Cybersecurity operations center showing protected files, patch deployment, and vulnerability monitoring.Local Access Narrows the Door, Not the Damage​

The CVSS vector for CVE-2026-50456 is AV:L/AC:L/PR:L/UI:N/S:U/C:H/I:N/A:N. In practical terms, exploitation must originate locally, has low attack complexity, requires an account with limited privileges, and does not need the victim to click a file or approve a prompt.
The vulnerability does not directly allow an attacker to modify files, disrupt Windows, or obtain administrator rights. Its security impact is confined to confidentiality, but Microsoft assigns that confidentiality loss the highest CVSS impact level. That distinction matters: a medium numerical score does not mean the exposed information is necessarily unimportant.
Microsoft has not publicly described exactly what data File Explorer may disclose, which code path is responsible, or how an attacker would reach the vulnerable state. The vulnerability is categorized under CWE-200, the broad weakness class used when software exposes sensitive information to an actor that should not receive it.
That limited disclosure is normal for newly patched Windows vulnerabilities, particularly when Microsoft wants systems updated before publishing implementation details that could accelerate exploit development. It also means administrators should avoid assuming the issue is limited to Explorer’s visible user interface. File Explorer sits on top of Windows shell, namespace, metadata and file-handling components that can process local, removable and network-backed content.
The supplied exploitability information offers some reassurance. Microsoft’s assessment indicates that CVE-2026-50456 was neither publicly disclosed nor known to be exploited when the July updates were released. Its temporal vector also marks exploitation as unproven while treating the vulnerability report itself as confirmed.
That is the useful interpretation of the vulnerability’s confidence metric: the flaw is vendor-confirmed, but working exploitation has not been demonstrated publicly. It should not be confused with uncertainty over whether the vulnerability exists.

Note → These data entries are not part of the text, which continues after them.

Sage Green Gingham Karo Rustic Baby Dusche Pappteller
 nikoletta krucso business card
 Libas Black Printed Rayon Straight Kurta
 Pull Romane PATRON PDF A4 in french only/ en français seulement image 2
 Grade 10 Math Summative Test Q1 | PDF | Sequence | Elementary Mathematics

File Explorer Collected a Crowd of July Fixes​

CVE-2026-50456 was not the only File Explorer disclosure issue patched this month. Microsoft’s July release also lists CVE-2026-33842, CVE-2026-40422, CVE-2026-41087, CVE-2026-50389, CVE-2026-50442, CVE-2026-50473 and CVE-2026-57084 under the same Windows File Explorer information-disclosure category.
SANS Internet Storm Center recorded these File Explorer vulnerabilities as Important-rated issues with broadly similar CVSS characteristics. That concentration suggests Microsoft corrected several distinct disclosure paths in or around Explorer rather than assigning multiple identifiers to one isolated defect.
The wider July 2026 Patch Tuesday release is unusually large. BleepingComputer counted 570 Microsoft vulnerabilities released on July 14, including 102 information-disclosure flaws, while SANS counted a larger total after including additional product and release categories. The differing totals reflect what each organization includes in its monthly count, not a disagreement over CVE-2026-50456 itself.
For patch teams, the sheer size of the release makes prioritization unavoidable. CVE-2026-50456 is not one of July’s known exploited zero-days, but it is also unlikely to justify a separate deployment because the correction arrives through the same cumulative Windows security updates needed for higher-risk flaws.
That cumulative servicing model is important. An organization cannot generally select the File Explorer fix while deferring the rest of the Windows package; installing the relevant July cumulative update advances the operating system to a build containing the correction and the month’s other Windows fixes.

The Affected Range Reaches Deep into Windows Estates​

Microsoft’s CVE data identifies a wide selection of affected client and server platforms, including Windows 10 Version 1607, Windows 10 Version 1809, Windows 10 Version 21H2, Windows 10 Version 22H2, Windows 11 Version 24H2, Windows 11 Version 25H2 and Windows 11 Version 26H1. Windows Server 2012, Server 2012 R2, Server 2016, Server 2019, Server 2022 and Server 2025 are also represented, including applicable Server Core installations.
The fixed-build boundaries include:
  • Windows 10 Version 21H2 systems must reach build 19044.7548 or later.
  • Windows 10 Version 22H2 systems must reach build 19045.7548 or later.
  • Windows 11 Version 24H2 systems must reach build 26100.8875 or later.
  • Windows 11 Version 25H2 systems must reach build 26200.8875 or later.
  • Windows 11 Version 26H1 systems must reach build 28000.2269 or later.
  • Windows Server 2019 receives the correction in KB5099538, which advances it to build 17763.9020.
  • Windows Server 2022 receives the correction through KB5099540, corresponding to build 20348.5386.
  • Windows Server 2025 receives the correction through KB5099536.
Some listed Windows 10 and legacy Windows Server releases require an applicable support or Extended Security Updates entitlement. Merely finding an affected version in vulnerability data does not guarantee that an unmanaged system will receive the update automatically.
Administrators can check a device’s current release and build by running winver, querying their endpoint-management inventory, or reviewing CurrentBuild and UBR under the Windows NT current-version registry key. Update compliance reports from Windows Update for Business, Microsoft Intune, Configuration Manager and Windows Server Update Services should be checked against the corrected build rather than relying only on a successful installation status.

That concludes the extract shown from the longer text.